Segment Start: DATA EXCERPT

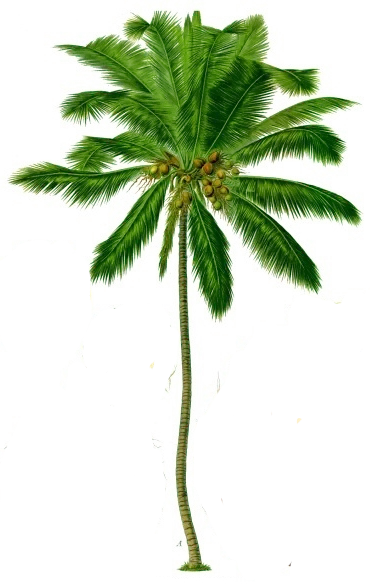 【PNG素材网-png.mixinnet.cn】棕榈树 [370x584]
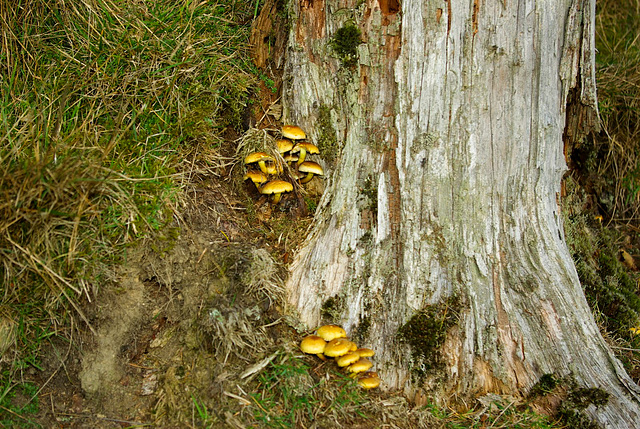 Autumn bounty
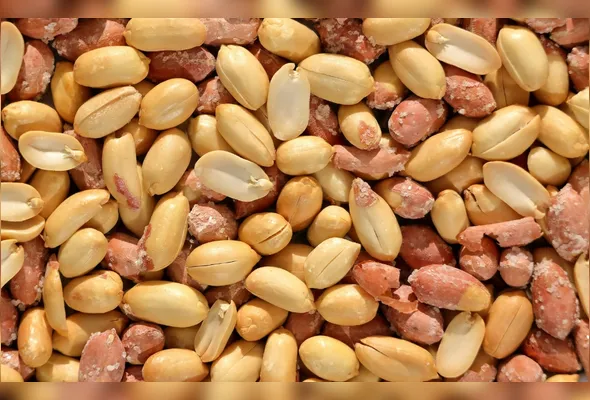 Imagem ilustrativa da imagem Amendoim: vilão ou aliado contra colesterol?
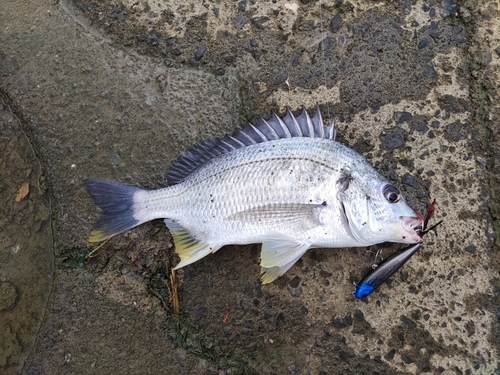 キビレの釣果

Segment End: DATA EXCERPT

● WHAT NEEDS TO BE DONE: Could you return exactly the lines starting with the one that contains "Imagem ilustrativa da" and ending with the last line of the data above? Leave the pictures out.

● TASK ANSWER:
 Imagem ilustrativa da imagem Amendoim: vilão ou aliado contra colesterol?
 キビレの釣果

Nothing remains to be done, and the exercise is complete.